• [Exercise prompt]: Please give the entries again in full and exactly, without any picture.

• [Material provided]:
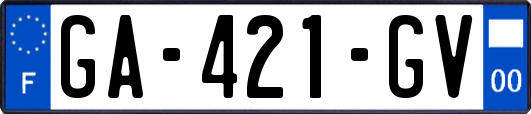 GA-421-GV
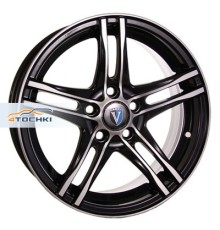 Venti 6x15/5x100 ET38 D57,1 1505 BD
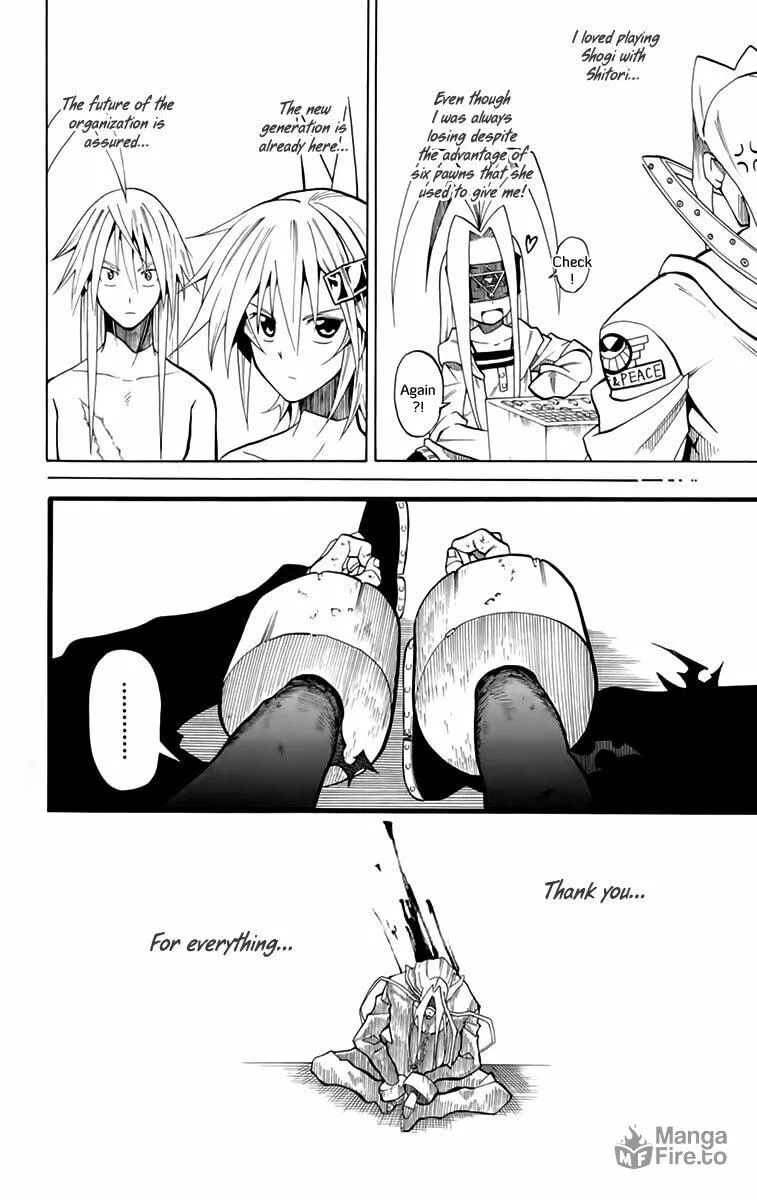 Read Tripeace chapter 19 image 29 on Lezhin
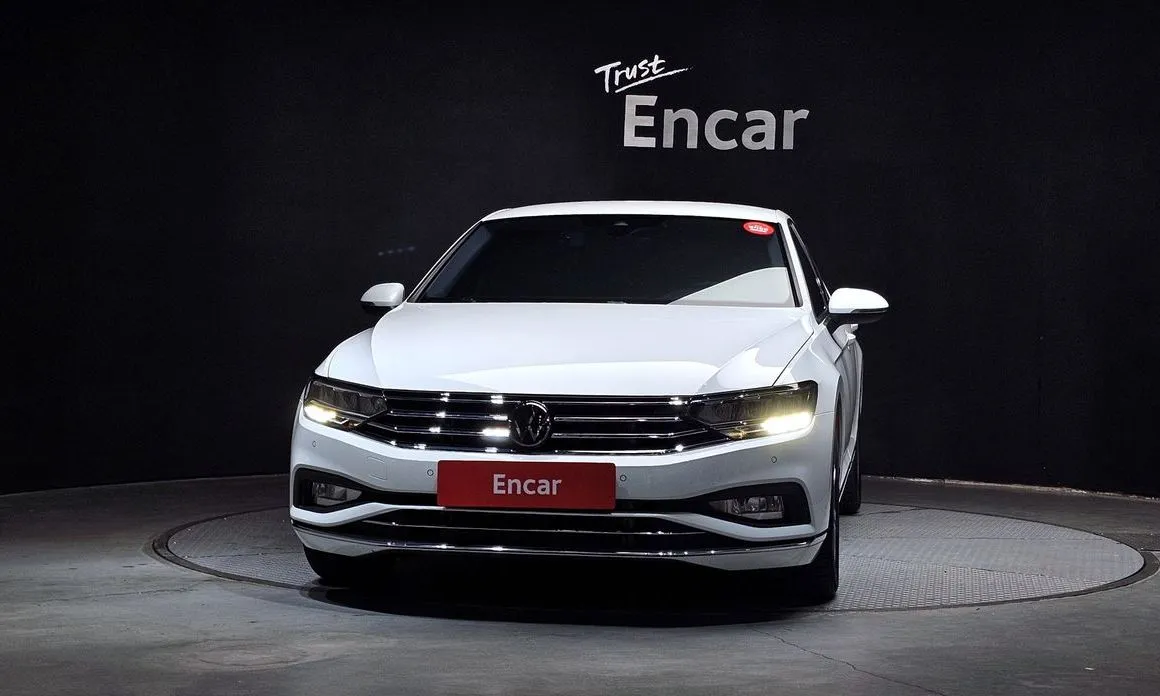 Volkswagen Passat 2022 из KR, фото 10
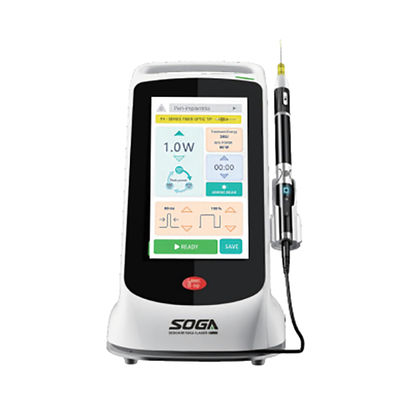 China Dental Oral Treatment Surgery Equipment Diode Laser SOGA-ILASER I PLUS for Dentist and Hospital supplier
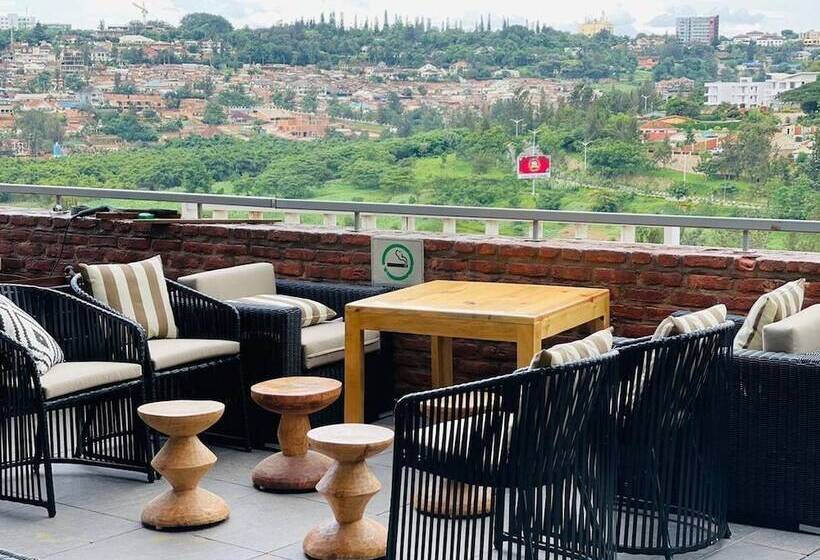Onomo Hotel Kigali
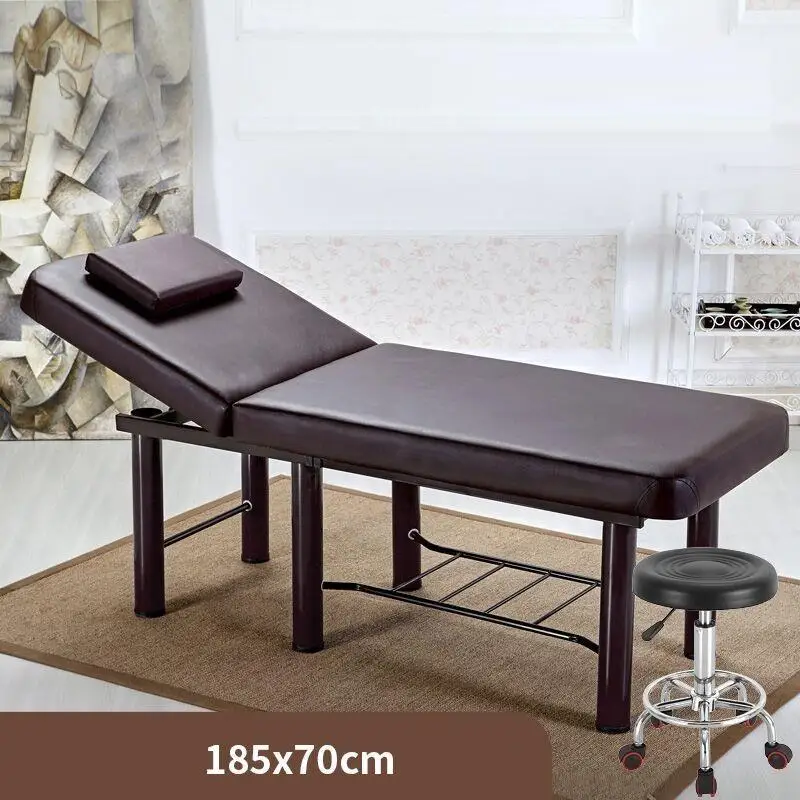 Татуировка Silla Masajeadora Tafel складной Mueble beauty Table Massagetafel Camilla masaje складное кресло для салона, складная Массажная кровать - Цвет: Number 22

• [Solved exercise]:
 GA-421-GV
 Venti 6x15/5x100 ET38 D57,1 1505 BD
 Read Tripeace chapter 19 image 29 on Lezhin
 Volkswagen Passat 2022 из KR, фото 10
 China Dental Oral Treatment Surgery Equipment Diode Laser SOGA-ILASER I PLUS for Dentist and Hospital supplier
Onomo Hotel Kigali
 Татуировка Silla Masajeadora Tafel складной Mueble beauty Table Massagetafel Camilla masaje складное кресло для салона, складная Массажная кровать - Цвет: Number 22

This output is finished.